Schließlich war nach einer gefühlten Ewigkeit in dem nach Schweiß und Exkrementen, ihrem Schweiß und ihren Exkrementen, stinkenden Raum endlich der Schweiger ein weiteres Mal mit beiden Eimern gekommen. Sie hatte ihm alles aus den Händen gerissen, um sich hastig und beschämt zu waschen. Sie war dankbar dafür gewesen, dass nur die Kameras Zeugen ihrer Erniedrigung waren, und der Schweiger zu keiner dieser Gelegenheiten auch nur den Versuch unternommen hatte, sich an dem Schauspiel zu ergötzen.

Yuki war fest entschlossen, es nie wieder so weit kommen zu lassen – wann immer der Schweiger vorbeikam, nutzte sie die Eimer und sagte sich, dass das noch gar nichts war und es noch viel schlimmer werden würde.

✮✮✮✮✮✮

Steve hatte noch nie in seinem Leben Schawarma gegessen, dieses Gericht bestehend aus gegrilltem Fleisch im Fladenbrot. Jetzt saß er hier, umgeben von neuen Kampfgefährten, mit denen vor gerade Mal einer Stunde noch erfolgreich eine außerirdische Spezies namens Chitauri sowie einen leibhaftigen Halbgott bekämpft hatte, und genoss den fremdartigen Geschmack nach arabischen Gewürzen und saftigem Fleisch. Das Bisschen Schutt und Geröll, das überall in der Imbissbude herumlag, störte ihn nicht, ebenso wenig die anderen, die ebenfalls in ihre Mahlzeit vertieft waren. Niemand sprach ein Wort, und das wohlige Seufzen und Schmatzen verursachten einen Druck, der sich schwer auf seine Brust und Kehle legte. Er erinnerte sich an eine junge Frau, die gutes Essen geliebt hatte und auch dieses Mahl ebenso genießen würde, wäre sie hier.

Doch sie war es nicht.

Seit Fury ihm das Zugeständnis gemacht hatte, dass sie die Suche nach Yuki wieder aufnehmen würden, wenn auch nicht aktiv, hatte er sich monatelang tagtäglich in der Kommunikationszentrale eingefunden und auf Neuigkeiten gewartet, die unweigerlich kommen mussten. Doch es war vergeblich gewesen. Er hatte zunächst noch verzweifelt gehofft, sich dann damit abgefunden, dass sie nicht wieder zurückkehren würde, und schließlich getrauert. Wie es schien, war es ihm dieses Mal etwas leichter gefallen, loszulassen, als zuvor. Das musste an Natasha gelegen haben, die sich geweigert hatte, ihn alleine vor sich hin brüten zu lassen, und, wann immer es ihre eigenen Missionen erlaubten, mit ihm um die Häuser gezogen oder einfach nur mit einer Party-Pizza und mehreren DVDs bewaffnet bei ihm aufgeschlagen war.
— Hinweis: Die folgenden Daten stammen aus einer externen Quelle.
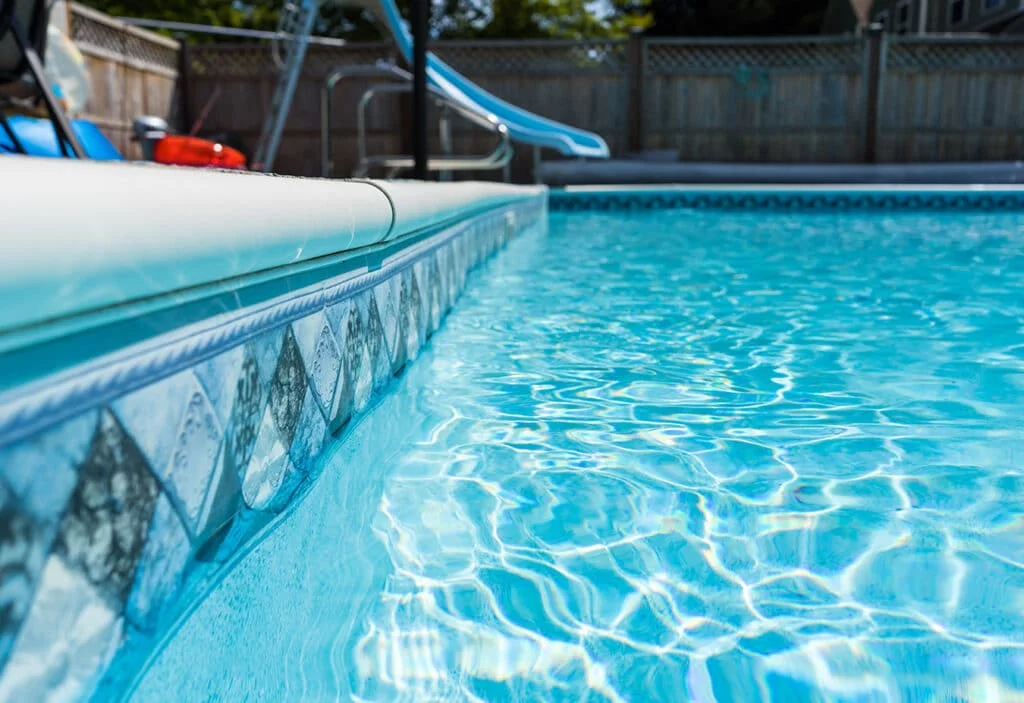 WhitehavenCrystalQuartzGallery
Sie hatte es auch geschafft, ihn zu überreden, sich auf den ersten Avengers-Einsatz einzulassen. Ihrer Meinung nach gab es nichts Besseres, als eine ordentliche Portion Action, um den Kopf von jeglichem Kummer zu befreien. Zumindest für die Zeit des Einsatzes.

Am Anfang hatte es nicht einmal danach ausgesehen, dass sie alle als Team würden zusammenarbeiten können. Zu groß war der Unterschied zwischen den einzelnen Persönlichkeiten gewesen. Doch dann war Coulson, Furys erster Mann, kaltblütig von diesem Halbgott Loki ermordet worden. Der Mann, Phil, wenn er sich richtig erinnerte, hatte als einer von wenigen unerschütterlich an Furys Idee eines Heldenbündnisses geglaubt. Und er hatte Captain America vergöttert, sogar alte Sammelkarten wie einen Schatz in der Schreibtischschublade gehütet. Coulsons Blut auf den vergilbten Captain-America-Sammelkarten hatte die Einzelkämpfer zusammengeschweißt, wie es keine Motivationsmaßnahme der Welt geschafft hätte.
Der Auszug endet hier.